IIRC, enabling symlink creation for your files should solve the problem.
Call DistributedCache.createSymLink(); before submitting your job.
On 12/25/08 10:40 AM, "Sean Shanny" <ss...@tripadvisor.com> wrote:
> To all,
>
> Version: hadoop-0.17.2.1-core.jar
>
> I created a MapFile on a local node.
>
> I put the files into the HDFS using the following commands:
>
> $ bin/hadoop fs -copyFromLocal /tmp/ur/data /2008-12-19/url/data
> $ bin/hadoop fs -copyFromLocal /tmp/ur/index /2008-12-19/url/index
>
> and placed them in the DistributedCache using the following calls in
> the JobConf class:
>
> DistributedCache.addCacheFile(new URI("/2008-12-19/url/data"), conf);
> DistributedCache.addCacheFile(new URI("/2008-12-19/url/index"), conf);
>
> What I cannot figure out how to do is actually access the MapFile now
> within my Map code. I tried the following but I am getting file not
> found errors when I try to run the job.
>
> private FileSystem fs;
> private MapFile.Reader myReader;
> private Path[] localFiles;
>
> ....
>
> public void configure(JobConf conf)
> {
> String[] s = conf.getStrings("map.input.file");
> m_sFileName = s[0];
>
> try
> {
> localFiles = DistributedCache.getLocalCacheFiles(conf);
>
> for (Path localFile : localFiles)
> {
> String sFileName = localFile.getName();
>
> if (sFileName.equalsIgnoreCase("data"))
> {
> System.out.println("Full Path: " +
> localFile.toString());
> System.out.println("Parent: " +
> localFile.getParent().toString());
>
> fs = FileSystem.get(localFile.toUri(), conf);
> myReader = new MapFile.Reader(fs,
> localFile.getParent().toString(), conf);
> }
> }
> }
> catch (IOException e)
> {
> // TODO Auto-generated catch block
> e.printStackTrace();
> }
>
> The following exception is thrown and I cannot figure out why it is
> adding the extra data element at the end of the path. The data is
> actually at
>
> Task Logs: 'task_200812250002_0001_m_000000_0'
>
> stdout logs
> Full Path: /tmp/hadoop-root/mapred/local/taskTracker/archive/hdp01n/
> 2008-12-19/url/data/data
> Parent: /tmp/hadoop-root/mapred/local/taskTracker/archive/hdp01n/
> 2008-12-19/url/data
> stderr logs
> java.io.FileNotFoundException: File does not exist: /tmp/hadoop-root/
> mapred/local/taskTracker/archive/hdp01n/2008-12-19/url/data/data at
> org
> .apache
> .hadoop
> .dfs.DistributedFileSystem.getFileStatus(DistributedFileSystem.java:
> 369) at org.apache.hadoop.fs.FileSystem.getLength(FileSystem.java:628)
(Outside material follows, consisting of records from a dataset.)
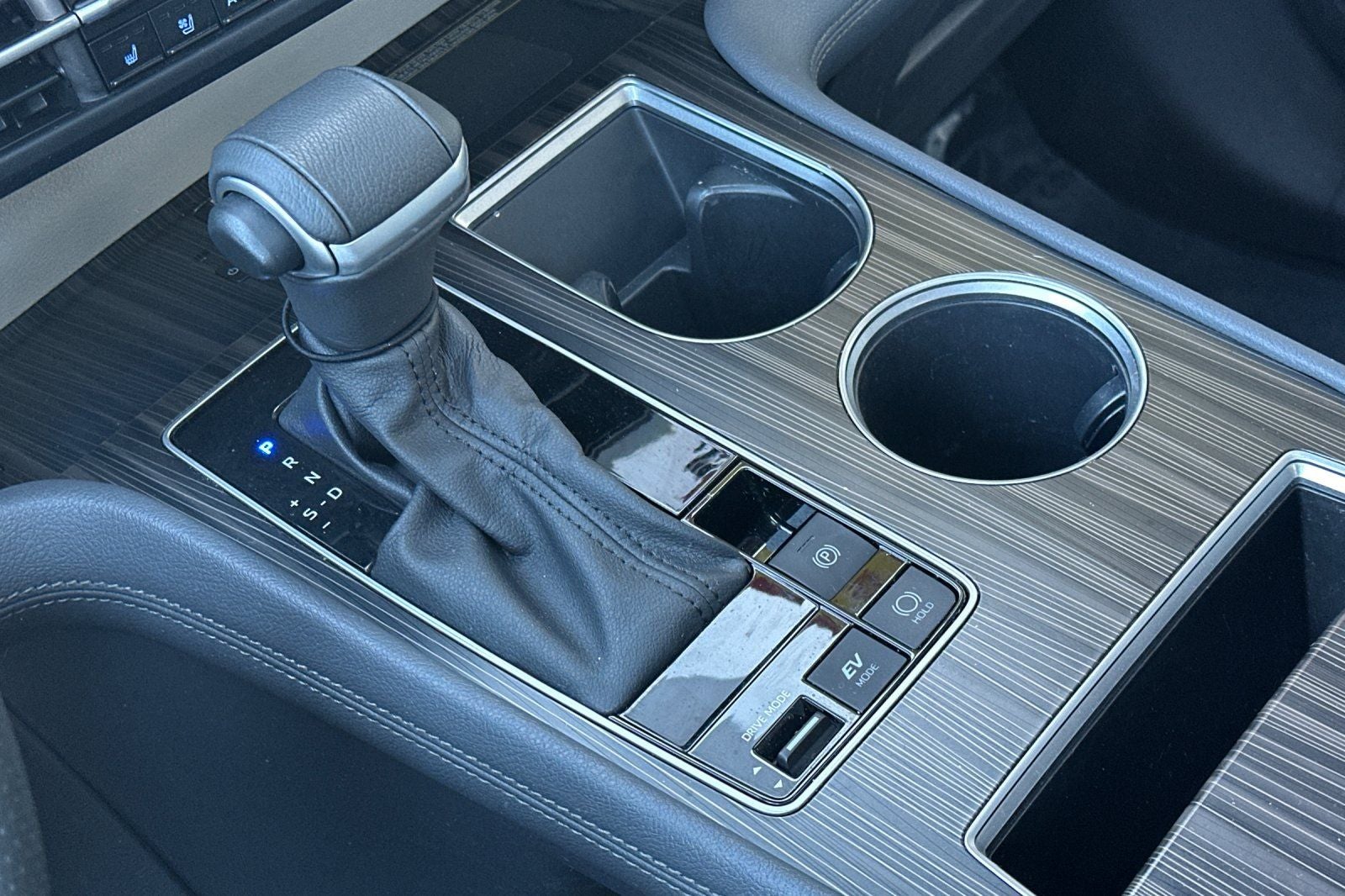 2023 Toyota Sienna Limited 7 Passenger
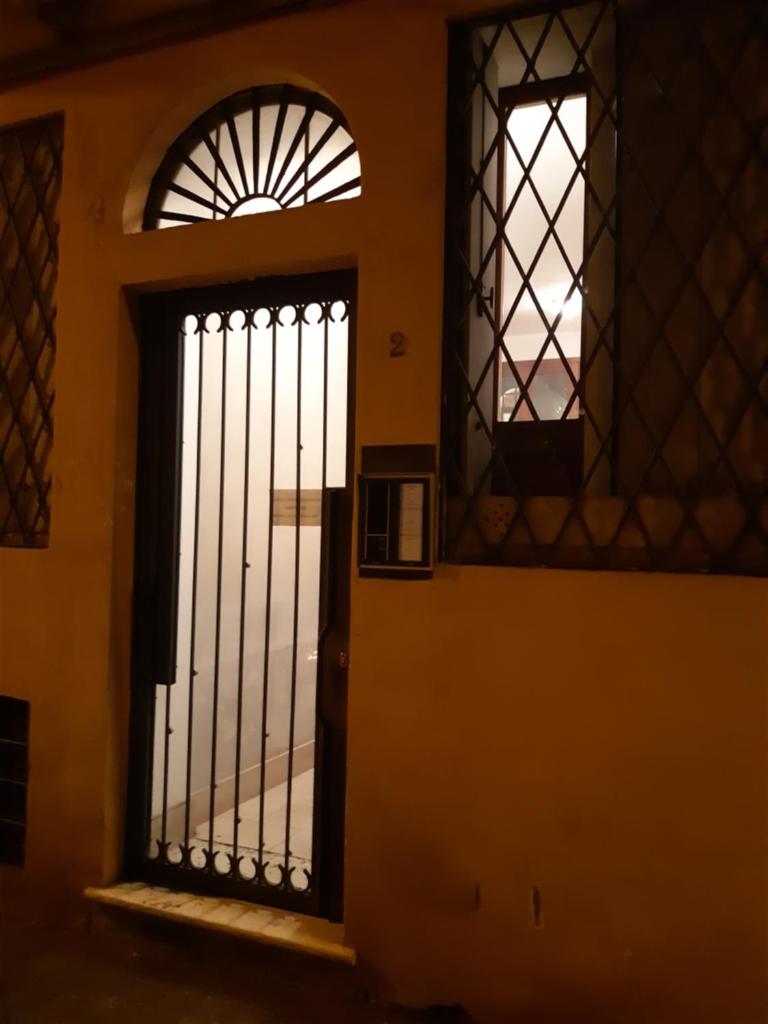 MINI CONTRA' DEI SERVI - VICENZA photo 2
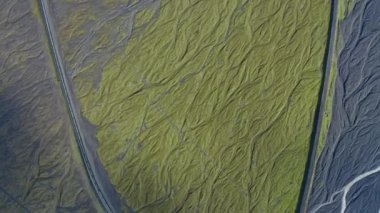 Yoldan İHA uçuşu ve Siyah Nehir yatağı ile Yeşil Peyzaj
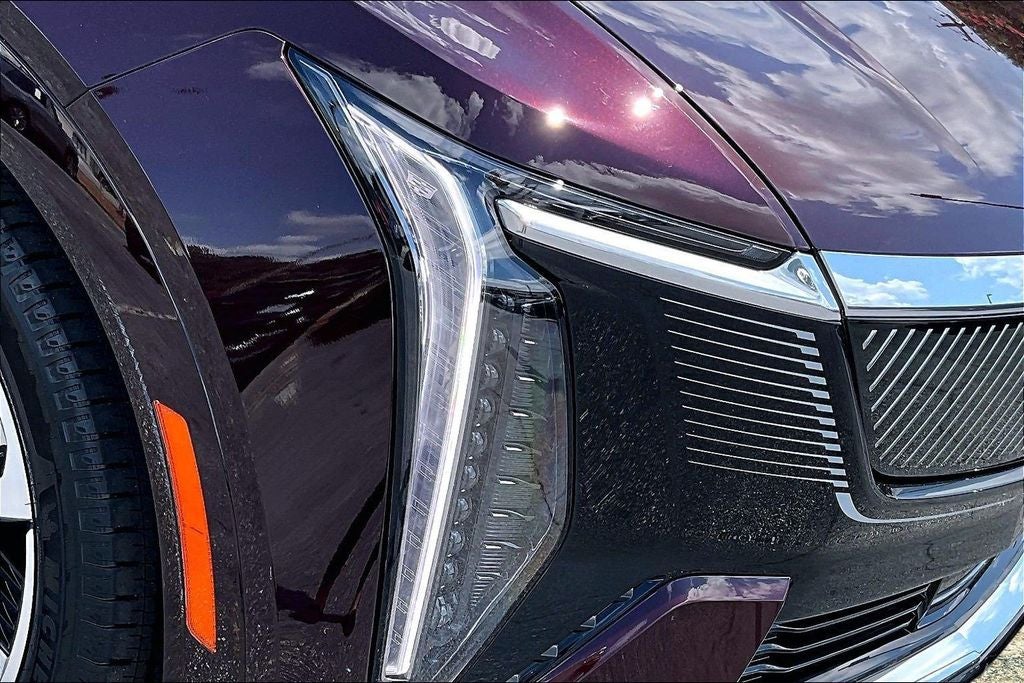 2025 Cadillac ESCALADE IQ Luxury 2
> at org.apache.hadoop.io.SequenceFile$Reader.<init>(SequenceFile.java:
> 1431) at org.apache.hadoop.io.SequenceFile
> $Reader.<init>(SequenceFile.java:1426) at org.apache.hadoop.io.MapFile
> $Reader.createDataFileReader(MapFile.java:301) at
> org.apache.hadoop.io.MapFile$Reader.open(MapFile.java:283) at
> org.apache.hadoop.io.MapFile$Reader.<init>(MapFile.java:272) at
> org.apache.hadoop.io.MapFile$Reader.<init>(MapFile.java:259) at
> org.apache.hadoop.io.MapFile$Reader.<init>(MapFile.java:252) at
> com
> .TripResearch
> .warehouse.etl.EtlTestUrlMapLookup.configure(EtlTestUrlMapLookup.java:
> 84) at
> org.apache.hadoop.util.ReflectionUtils.setConf(ReflectionUtils.java:
> 58) at
> org
> .apache.hadoop.util.ReflectionUtils.newInstance(ReflectionUtils.java:
> 82) at org.apache.hadoop.mapred.MapRunner.configure(MapRunner.java:33)
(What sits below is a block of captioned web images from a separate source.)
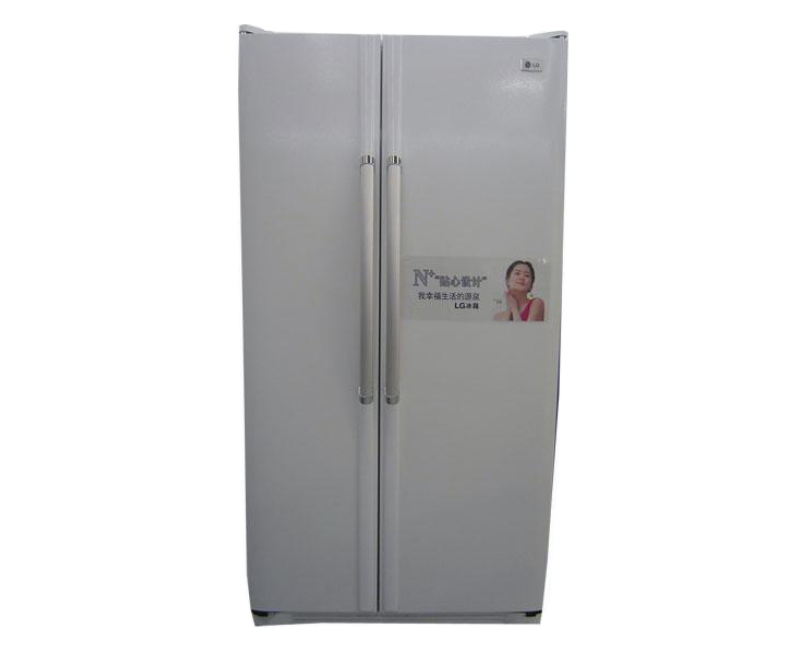 lg品牌旗下的 a target="_blank" href="/item/对开门冰箱/4506407"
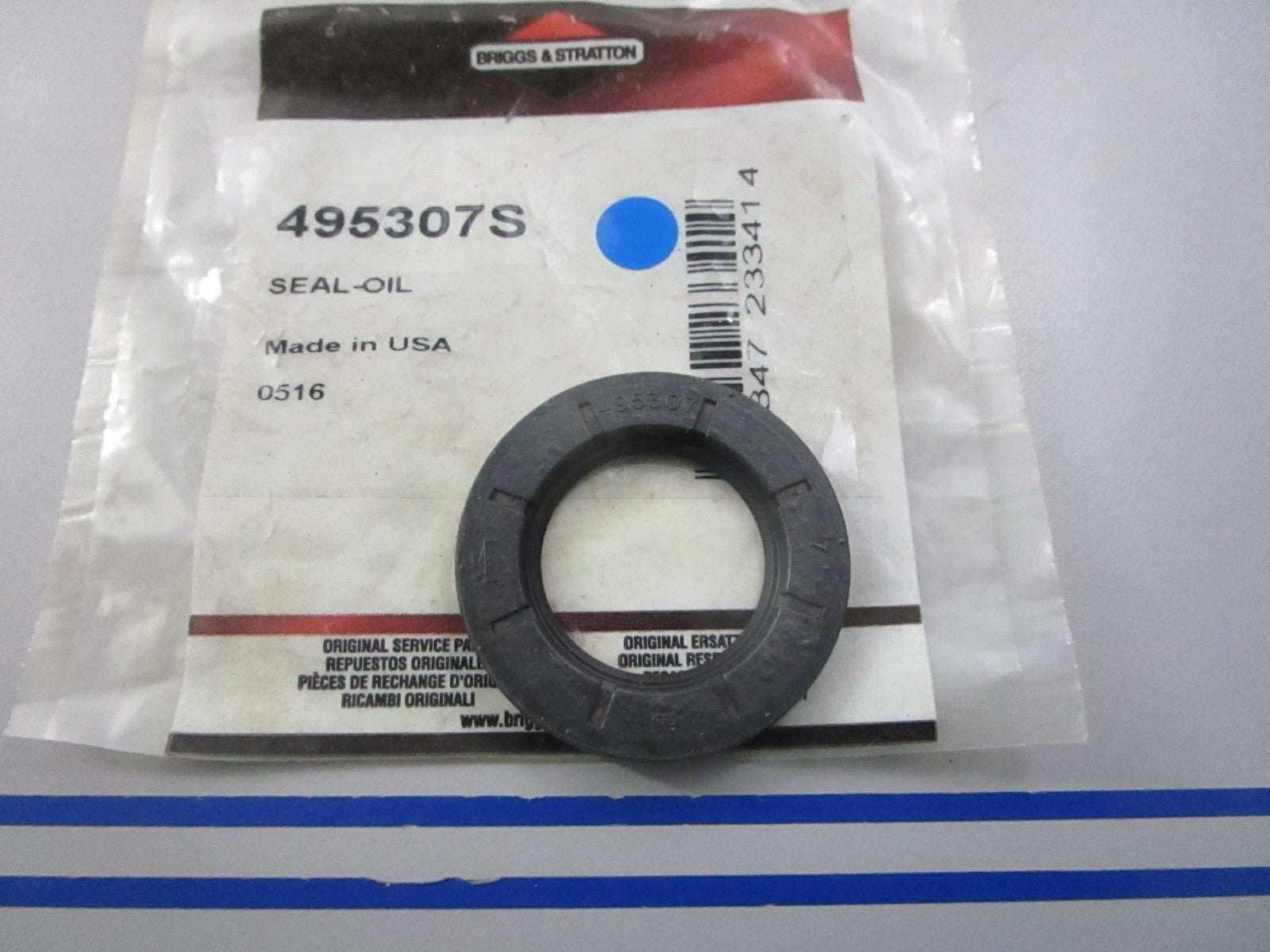 NEW OEM 495307S Briggs & Stratton Oil Seal 0810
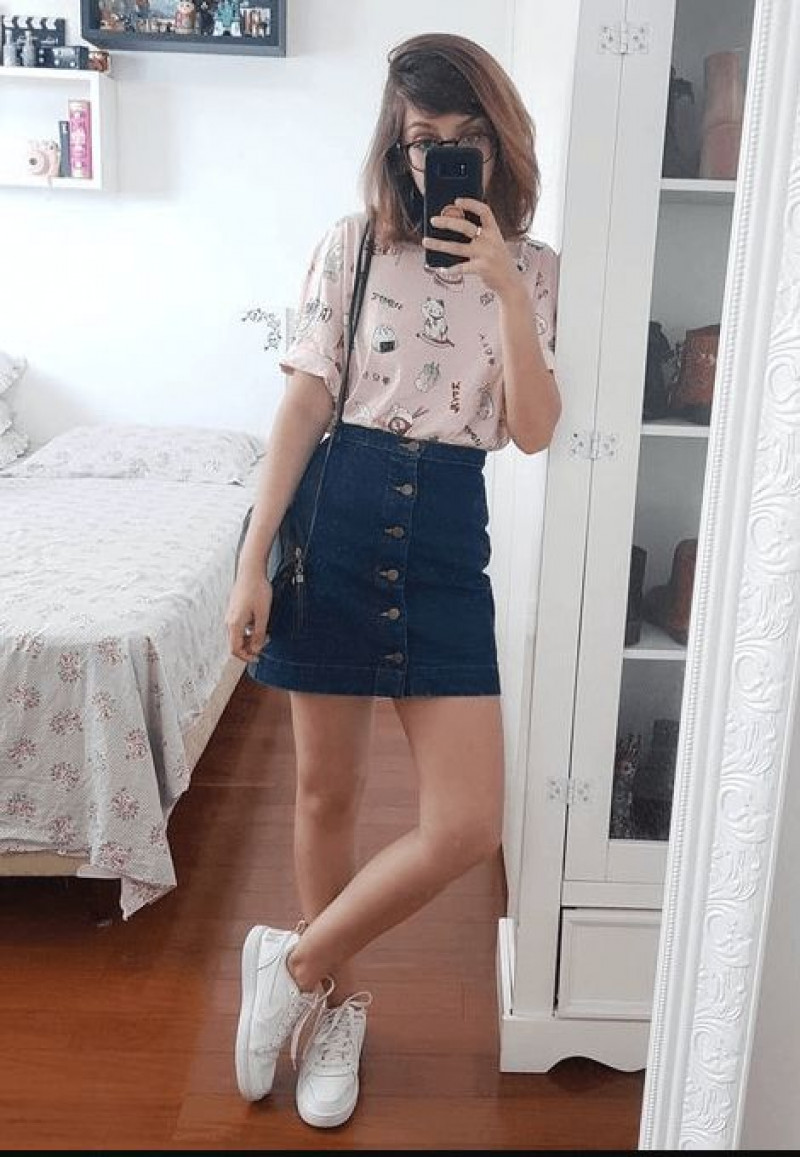 Beige Short Sleeves T-Shirt, Dark Blue And Navy Denim A-Line Skirt, Outfits For Teenage Girl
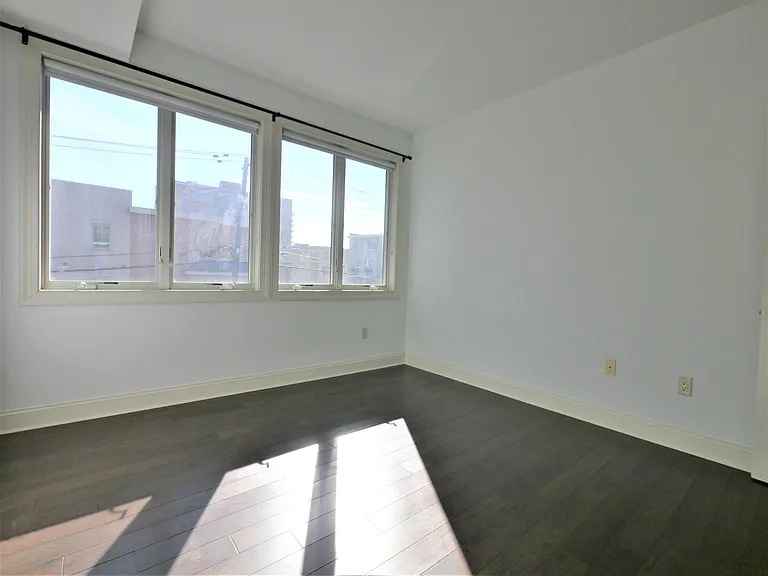255 Laird Ave #15 — Photo 32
> at org.apache.hadoop.util.ReflectionUtils.setConf(ReflectionUtils.java:
> 58) at
> org
> .apache.hadoop.util.ReflectionUtils.newInstance(ReflectionUtils.java:
> 82) at org.apache.hadoop.mapred.MapTask.run(MapTask.java:215) at
> org.apache.hadoop.mapred.TaskTracker$Child.main(TaskTracker.java:2122)
>
> The files do exist but I don't understand why they were placed in
> their own directories. I would have expected both files to exist at /
> 2008-12-19/url/ not /2008-12-19/url/data/ and /2008-12-19/url/index/
>
> ls -la /tmp/hadoop-root/mapred/local/taskTracker/archive/hdp01n/
> 2008-12-19/url/data
> total 740640
> drwxr-xr-x 2 root root 4096 Dec 24 23:49 .
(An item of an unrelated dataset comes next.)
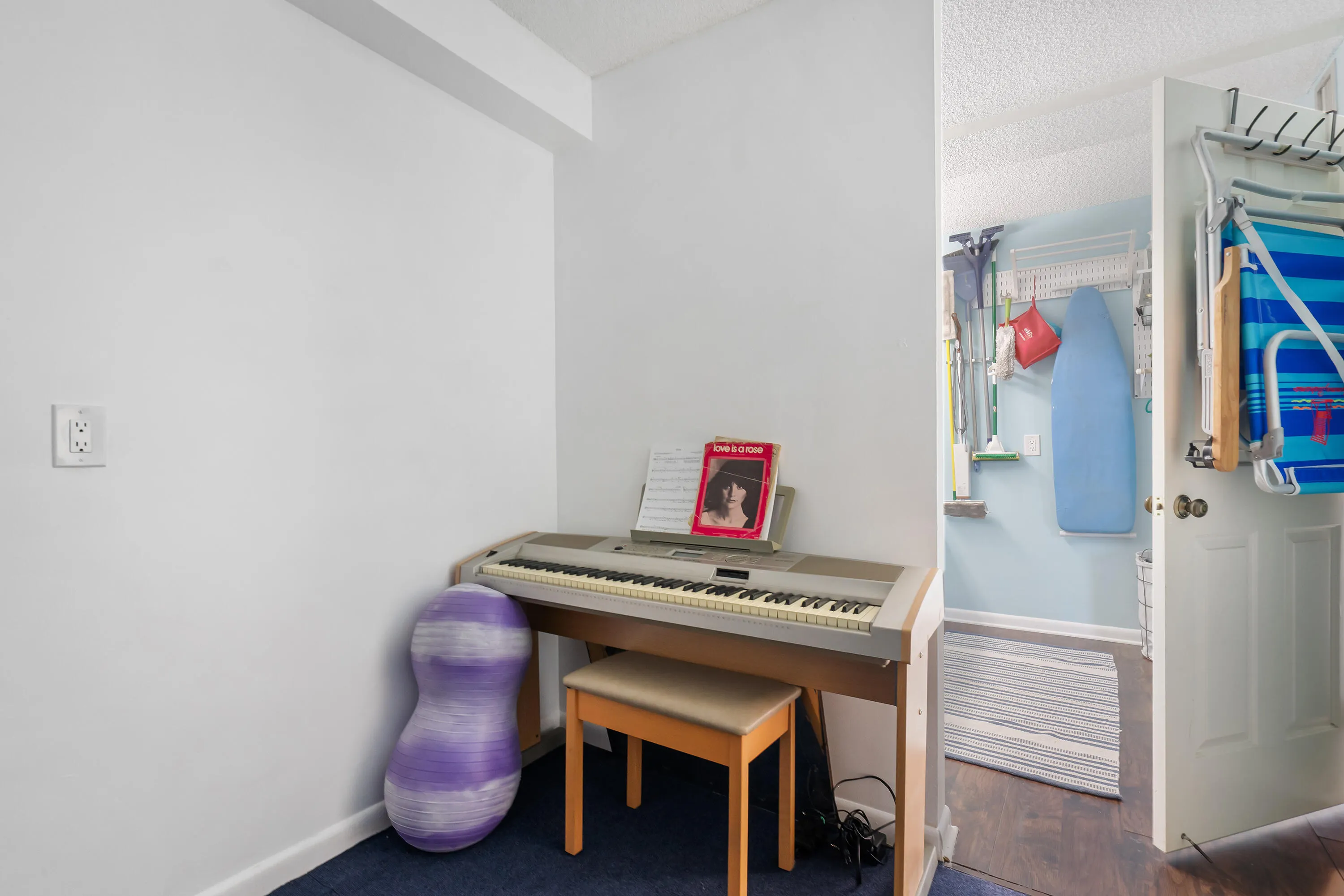 6037 BALBOA Circle #403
> drwxr-xr-x 4 root root 4096 Dec 24 23:49 ..
> -rwxr-xr-x 1 root root 751776245 Dec 24 23:49 data
> -rw-r--r-- 1 root root 5873260 Dec 24 23:49 .data.crc
>
> [root@hdp01n warehouse]# ls -la /tmp/hadoop-root/mapred/local/
> taskTracker/archive/hdp01n/2008-12-19/url/index
> total 2148
> drwxr-xr-x 2 root root 4096 Dec 25 00:04 .
> drwxr-xr-x 4 root root 4096 Dec 25 00:04 ..
> -rwxr-xr-x 1 root root 2165220 Dec 25 00:04 index
> -rw-r--r-- 1 root root 16924 Dec 25 00:04 .index.crc
>
> ....
>
> I know I must be doing something really stupid here as I am sure this
> has been done by lots of folks prior to my feeble attempt. I did a
> google search but really could not come up with any examples of using
> a MapFile on the DistributedCache.
>
> Thanks.
>
> --sean
>
>
>
>